● **Aim of the exercise**
For every line below, set down an identical copy.

******************************

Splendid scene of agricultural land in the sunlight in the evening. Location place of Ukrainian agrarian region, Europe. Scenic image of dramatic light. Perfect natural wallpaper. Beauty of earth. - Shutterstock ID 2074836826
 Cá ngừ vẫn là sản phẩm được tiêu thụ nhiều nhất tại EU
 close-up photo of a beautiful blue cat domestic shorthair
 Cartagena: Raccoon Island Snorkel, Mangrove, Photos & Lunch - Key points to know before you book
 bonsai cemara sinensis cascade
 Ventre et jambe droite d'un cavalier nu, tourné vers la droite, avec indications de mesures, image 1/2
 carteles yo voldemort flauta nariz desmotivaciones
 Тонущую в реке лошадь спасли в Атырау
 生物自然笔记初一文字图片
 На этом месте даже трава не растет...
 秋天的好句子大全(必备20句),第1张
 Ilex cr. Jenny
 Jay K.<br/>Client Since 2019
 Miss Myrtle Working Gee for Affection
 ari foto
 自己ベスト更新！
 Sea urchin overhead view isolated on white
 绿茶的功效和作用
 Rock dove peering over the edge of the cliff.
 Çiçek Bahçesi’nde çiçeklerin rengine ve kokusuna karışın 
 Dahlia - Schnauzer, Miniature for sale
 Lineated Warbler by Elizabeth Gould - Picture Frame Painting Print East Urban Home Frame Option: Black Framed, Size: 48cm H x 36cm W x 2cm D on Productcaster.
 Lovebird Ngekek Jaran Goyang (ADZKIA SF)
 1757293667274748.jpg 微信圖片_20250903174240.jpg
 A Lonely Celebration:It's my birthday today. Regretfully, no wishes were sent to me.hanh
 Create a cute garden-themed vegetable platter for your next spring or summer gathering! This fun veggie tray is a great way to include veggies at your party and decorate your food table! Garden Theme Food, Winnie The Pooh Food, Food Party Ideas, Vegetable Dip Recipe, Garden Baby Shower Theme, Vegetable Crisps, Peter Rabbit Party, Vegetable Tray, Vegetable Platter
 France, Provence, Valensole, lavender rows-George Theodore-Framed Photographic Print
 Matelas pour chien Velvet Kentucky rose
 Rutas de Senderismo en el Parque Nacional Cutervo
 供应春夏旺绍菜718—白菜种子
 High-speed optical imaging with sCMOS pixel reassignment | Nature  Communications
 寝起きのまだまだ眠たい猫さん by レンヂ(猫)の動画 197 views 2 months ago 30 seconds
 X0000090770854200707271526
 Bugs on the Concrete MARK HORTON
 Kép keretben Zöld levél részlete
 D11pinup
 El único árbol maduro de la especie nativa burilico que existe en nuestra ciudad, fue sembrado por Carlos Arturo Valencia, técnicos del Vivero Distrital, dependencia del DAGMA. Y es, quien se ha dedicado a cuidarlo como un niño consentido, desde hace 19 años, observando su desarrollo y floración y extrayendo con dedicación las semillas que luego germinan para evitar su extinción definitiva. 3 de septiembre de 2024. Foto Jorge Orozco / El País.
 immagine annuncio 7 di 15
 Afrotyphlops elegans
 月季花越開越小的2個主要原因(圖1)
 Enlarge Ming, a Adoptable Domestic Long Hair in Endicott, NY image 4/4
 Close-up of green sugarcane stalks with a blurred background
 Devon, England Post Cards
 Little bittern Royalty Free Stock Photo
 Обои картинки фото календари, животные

******************************

● **Response area**
Splendid scene of agricultural land in the sunlight in the evening. Location place of Ukrainian agrarian region, Europe. Scenic image of dramatic light. Perfect natural wallpaper. Beauty of earth. - Shutterstock ID 2074836826
 Cá ngừ vẫn là sản phẩm được tiêu thụ nhiều nhất tại EU
 close-up photo of a beautiful blue cat domestic shorthair
 Cartagena: Raccoon Island Snorkel, Mangrove, Photos & Lunch - Key points to know before you book
 bonsai cemara sinensis cascade
 Ventre et jambe droite d'un cavalier nu, tourné vers la droite, avec indications de mesures, image 1/2
 carteles yo voldemort flauta nariz desmotivaciones
 Тонущую в реке лошадь спасли в Атырау
 生物自然笔记初一文字图片
 На этом месте даже трава не растет...
 秋天的好句子大全(必备20句),第1张
 Ilex cr. Jenny
 Jay K.<br/>Client Since 2019
 Miss Myrtle Working Gee for Affection
 ari foto
 自己ベスト更新！
 Sea urchin overhead view isolated on white
 绿茶的功效和作用
 Rock dove peering over the edge of the cliff.
 Çiçek Bahçesi’nde çiçeklerin rengine ve kokusuna karışın 
 Dahlia - Schnauzer, Miniature for sale
 Lineated Warbler by Elizabeth Gould - Picture Frame Painting Print East Urban Home Frame Option: Black Framed, Size: 48cm H x 36cm W x 2cm D on Productcaster.
 Lovebird Ngekek Jaran Goyang (ADZKIA SF)
 1757293667274748.jpg 微信圖片_20250903174240.jpg
 A Lonely Celebration:It's my birthday today. Regretfully, no wishes were sent to me.hanh
 Create a cute garden-themed vegetable platter for your next spring or summer gathering! This fun veggie tray is a great way to include veggies at your party and decorate your food table! Garden Theme Food, Winnie The Pooh Food, Food Party Ideas, Vegetable Dip Recipe, Garden Baby Shower Theme, Vegetable Crisps, Peter Rabbit Party, Vegetable Tray, Vegetable Platter
 France, Provence, Valensole, lavender rows-George Theodore-Framed Photographic Print
 Matelas pour chien Velvet Kentucky rose
 Rutas de Senderismo en el Parque Nacional Cutervo
 供应春夏旺绍菜718—白菜种子
 High-speed optical imaging with sCMOS pixel reassignment | Nature  Communications
 寝起きのまだまだ眠たい猫さん by レンヂ(猫)の動画 197 views 2 months ago 30 seconds
 X0000090770854200707271526
 Bugs on the Concrete MARK HORTON
 Kép keretben Zöld levél részlete
 D11pinup
 El único árbol maduro de la especie nativa burilico que existe en nuestra ciudad, fue sembrado por Carlos Arturo Valencia, técnicos del Vivero Distrital, dependencia del DAGMA. Y es, quien se ha dedicado a cuidarlo como un niño consentido, desde hace 19 años, observando su desarrollo y floración y extrayendo con dedicación las semillas que luego germinan para evitar su extinción definitiva. 3 de septiembre de 2024. Foto Jorge Orozco / El País.
 immagine annuncio 7 di 15
 Afrotyphlops elegans
 月季花越開越小的2個主要原因(圖1)
 Enlarge Ming, a Adoptable Domestic Long Hair in Endicott, NY image 4/4
 Close-up of green sugarcane stalks with a blurred background
 Devon, England Post Cards
 Little bittern Royalty Free Stock Photo
 Обои картинки фото календари, животные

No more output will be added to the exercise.